Much of the commentary on the U.S. trade deficit is based on the belief that trade deficits are bad, while trade surpluses are good. The idea that a country should run a trade surplus with individual countries or with the rest of the world collectively is derived from an old doctrine known as mercantilism. According to this doctrine, countries should work to limit imports and expand exports so as to generate an inflow of gold and foreign currencies (known collectively as foreign exchange). Because it would be impossible for all countries to have trade surpluses, this doctrine sets trade up to be a kind of warfare as everyone tries to sell more abroad while limiting expenditures on foreign goods. Theoretical and empirical economic analyses show that warfare is an inappropriate metaphor for trade which almost always generates mutually beneficial gains. Early classical economists such as Adam Smith and David Ricardo demonstrated that mercantilism is economically incoherent over 200 years ago but mercantilist attitudes persist as evidenced by the current debates about the U.S. trade deficit. It should be noted that foreign exchange can only be used for one thing: to buy foreign articles, that is, to import goods, services, or foreign assets.
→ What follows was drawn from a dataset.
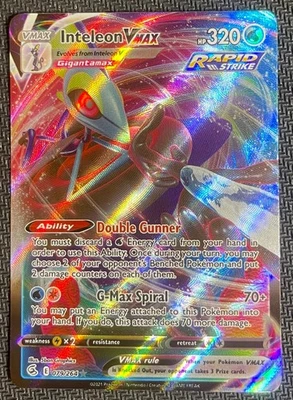 Inteleon VMAX Ultra Rare SWSH08: Fusion Strike 079/264 NM - Image 1 of 2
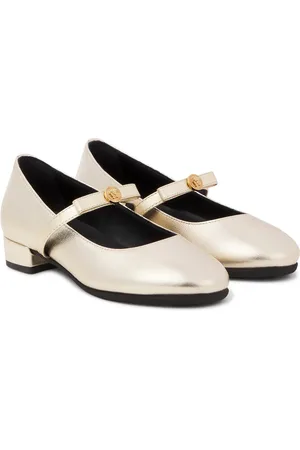 VERSACE Ballerine in pelle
Those who worry about trade deficits appear to believe that they have a negative effect on the national economy. We calculated correlation coefficients between the real U.S. trade balance and the unemployment rate, the size of the real GDP, and economic growth over the period 1960 to 2015 and found no significant correlations. Trade deficits result from a complex set of economic forces including domestic savings and investment and both foreign and domestic economic policies. The balance of payments accounts shows the overall economic situation of a country with respect to the rest of the world. In addition to exports and imports of goods and services, the balance of payments includes net income from foreign sources and financial flows made up of direct and portfolio (stock market) investments and other financial flows. As shown in Table 2, the large U.S. trade deficit is mostly offset by financial inflows while the large Chinese and German trade surpluses are offset by negative financial flows. Negative overall balances are financed by drawing down foreign exchange reserves, while surpluses add to the reserve holdings. The figures shown in Table 2 reflect abridged versions of the balance of payments that exclude certain details for expository simplicity. The true overall balances in the three countries differ slightly from the figures in Table 2 because of errors and omissions. In 2016, the United States actually added about $2 billion to its reserve holdings.
Because U.S. savings rates are too low to cover desired investment levels, financial flows from foreign firms and individuals are attracted to the large, stable U.S. financial markets (Griswold 1998, Schmidt 2017). In a sense, the United States is able to consume more than it produces and the difference is financed by the rest of the world. For foreign countries, financial investments in the United States not only generate economic returns but they help to recycle the dollars earned through international trade. If Chinese and German foreign exchange holdings were not invested in the United States and other countries, their currencies would appreciate making their industries less competitive internationally. There are other factors that influence the international economic position of the United States. The dollar is the primary reserve currency used in many transactions carried out by other countries that do not involve the United States. It is advantageous that the United States runs trade deficits because that helps ensure that there will be sufficient international liquidity to finance global trade. The United States derives some benefits from these arrangements as well because they give the U.S. government significant leverage in its foreign relations. Because so many international economic transactions are carried out in dollars, it is easier for the U.S. government to apply effective economic sanctions on countries such as Russia or Iran.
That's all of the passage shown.